USPSTF: The Primary Care Clinician’s Source for Prevention Recommendations

What is the mission of the U.S. Preventive Services Task Force?

The U.S. Preventive Services Task Force (USPSTF or Task Force) works to improve the health of people nationwide by making evidence-based recommendations on effective ways to prevent disease, promote health, and prolong life.

How does the Task Force help primary care clinicians and their patients?

Every time a primary care clinician sees a patient, it’s an opportunity to prevent disease and promote good health. However, knowing what the evidence says about each preventive service that could be applied to individual patients is a daunting challenge for individual clinicians. The Task Force reviews findings from thousands of scientific studies every year on a range of preventive services—screenings, counseling, and medications— and develops evidence-based recommendations that clinicians can put into practice with confidence.

The Task Force helps people of all ages do what matters most: stay healthy and live well for years to come. Its evidence-based recommendations empower patients and their clinicians to make informed choices based on what works—and what doesn t—in preventive care.
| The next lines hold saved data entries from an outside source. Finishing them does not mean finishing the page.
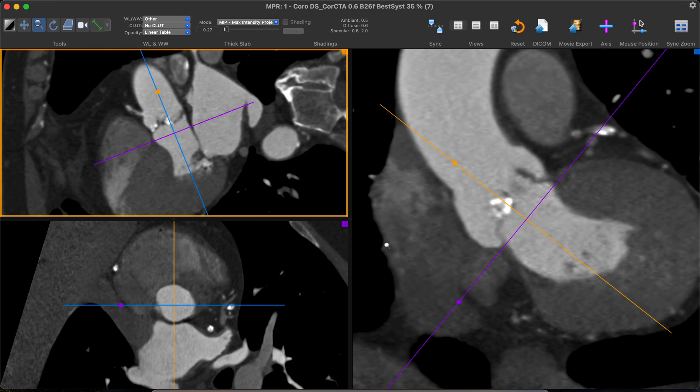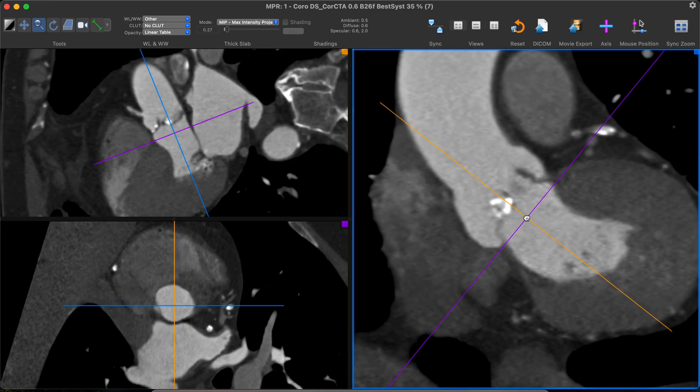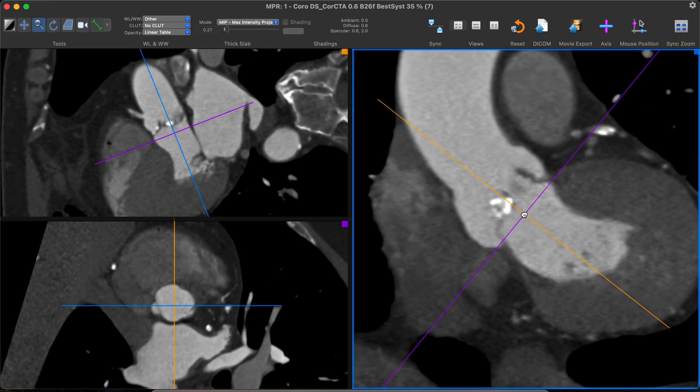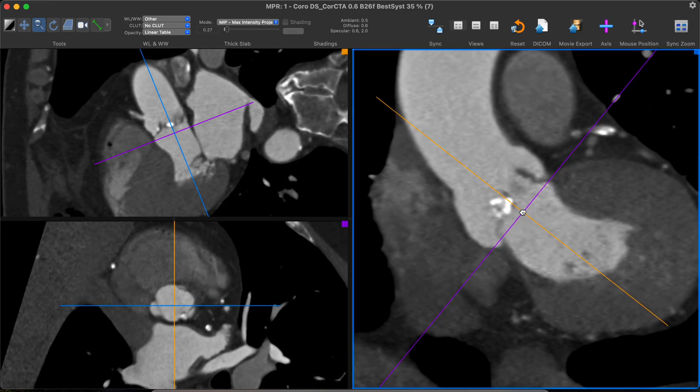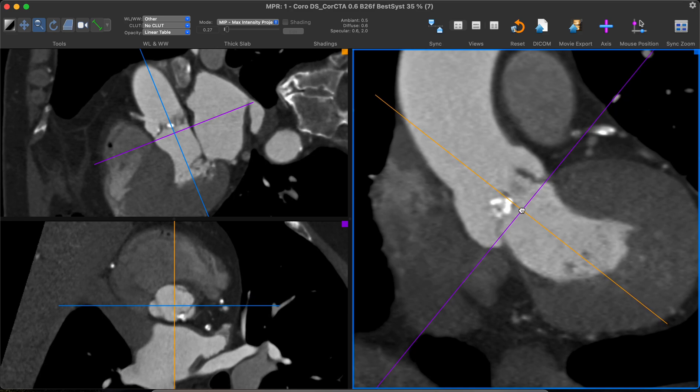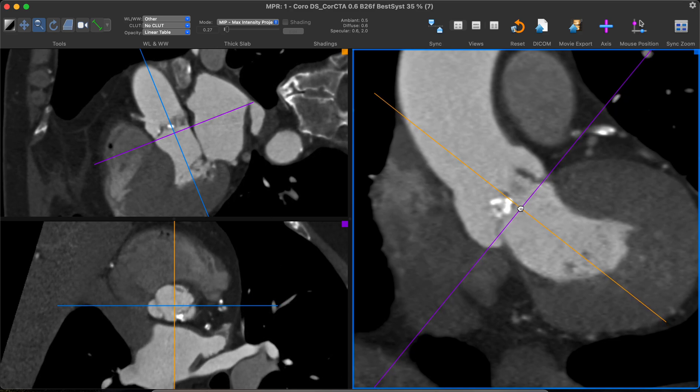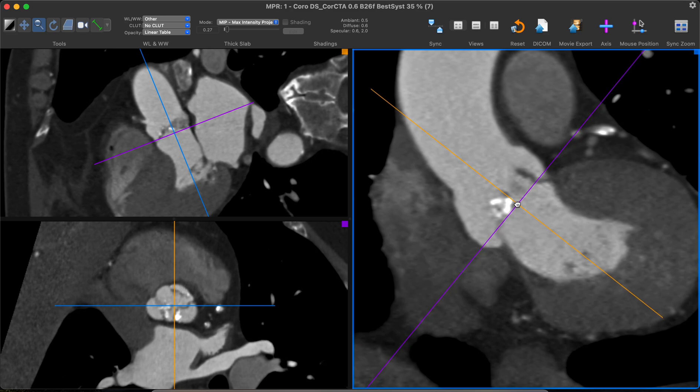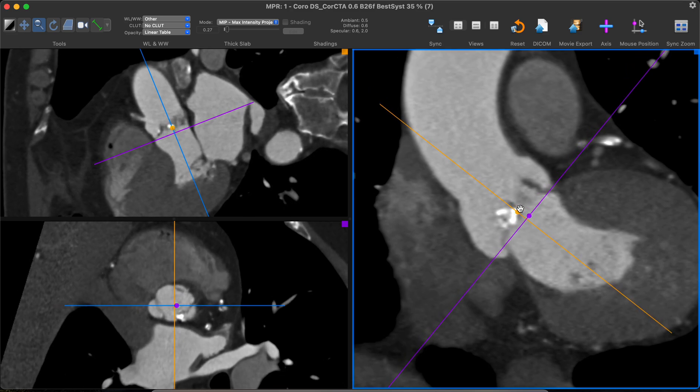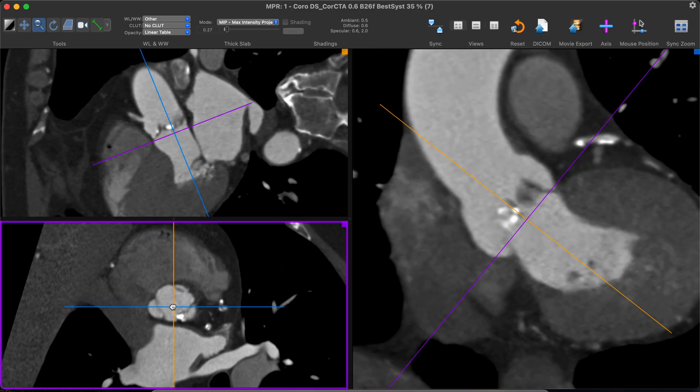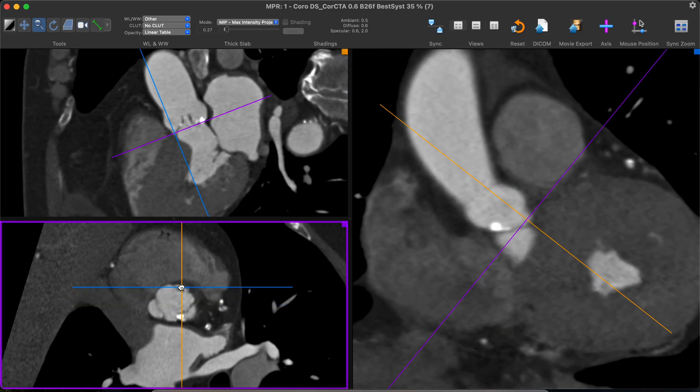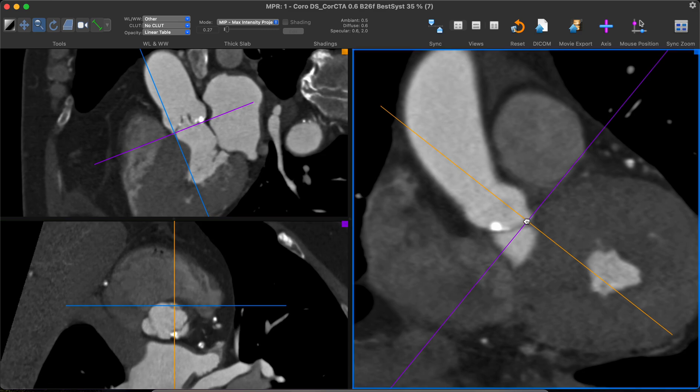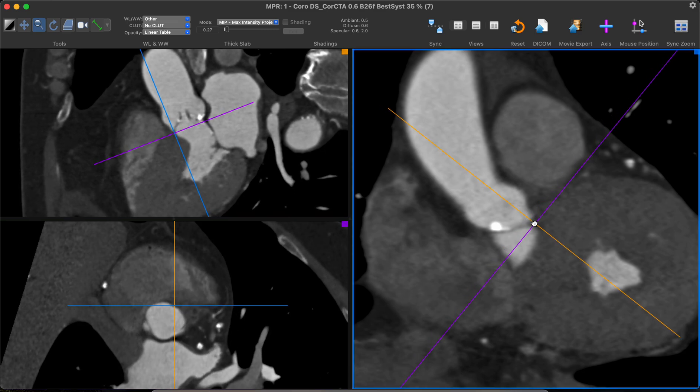So the first thing that we do now is that we move the axis along the aorta, and our eyes are fixed on the purple window down on the left till we see the right coronary cusp is appearing. So here, this is the right coronary cusp. We move our axis over there, and then we adjust it to be just at the nadir.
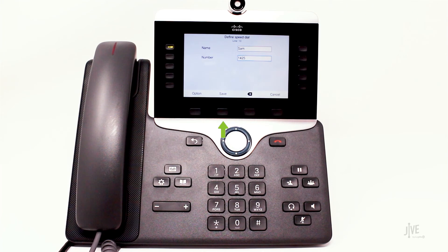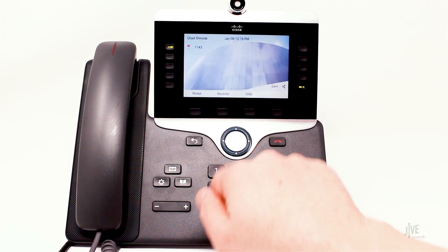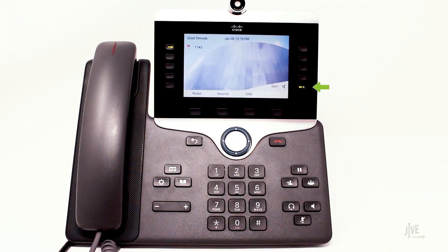Press the save soft key once completed. Your speed dial contact has now been added to your main display screen.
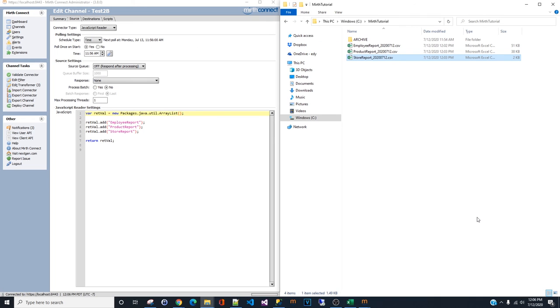But for right now, all three reports are working accordingly. And the time it will generate is 11:56 AM. All three at one time. And I will show you how to manipulate the time schedule in the next video, part three.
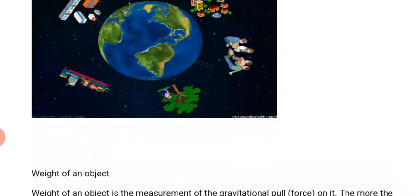That leads us to the weight of an object. The weight of an object tells us how fast an object is going to move towards the earth. For example, if you release a stone and a nylon at the same time, the one that will first reach the earth is the stone, because the weight it carries is heavier than that of the nylon.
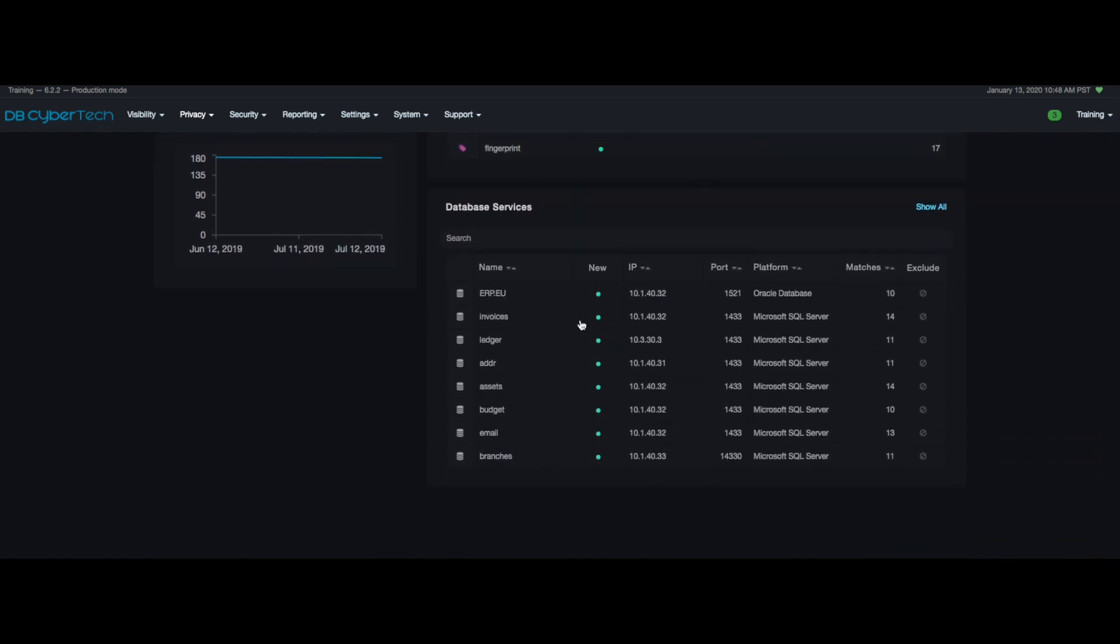The DBC platform shows a list of the database services in your network that have PII data. By selecting a database service the system will provide details about such service.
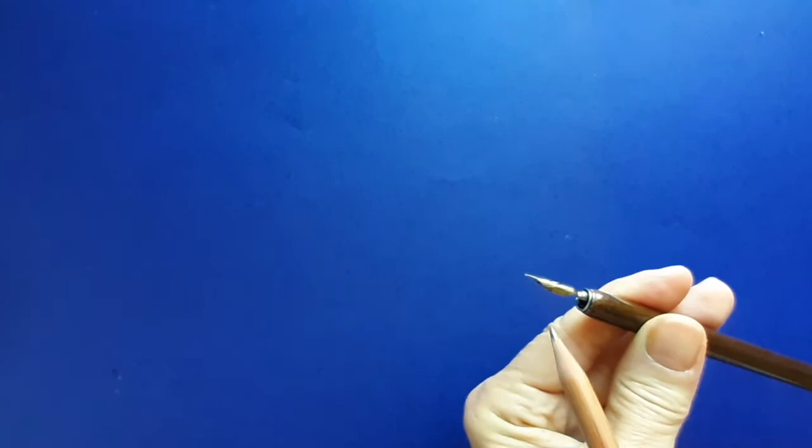When you dip your nib and reservoir into ink, or add ink with a paintbrush, a little drop or puddle of ink will be held at the back of the nib by this brass reservoir, and then you'll be ready to start writing.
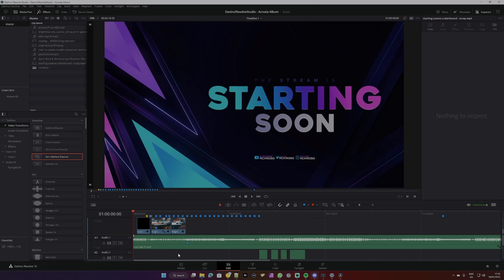We've written lyrics to a song about gaming using one AI tool, and then given those lyrics to another AI tool to actually voice the lyrics for us. I'm going to show you a brief sample of how I then put it into DaVinci Resolve Studio — you can do this with the non-studio edition as well. It's very simple, so let me just hit play.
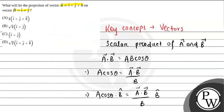So, the final answer of this question is option c i cap plus j cap. Hope you will understand.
Patients can trust that the services recommended by the Task Force are beneficial to their overall health.

Why is the USPSTF the go-to source for disease prevention and health promotion guidance?

Because of the Task Force’s rigorous and objective approach, each Task Force recommendation is a trusted, valuable evidence-based resource that primary care clinicians can depend on. The Task Force follows a rigorous, multistep process for each of its more than 80 health topics, starting with a research plan that guides the review of existing evidence, resulting in a recommendation or a call for more research based on that evidence. Task Force recommendations are considered the gold standard in preventive care.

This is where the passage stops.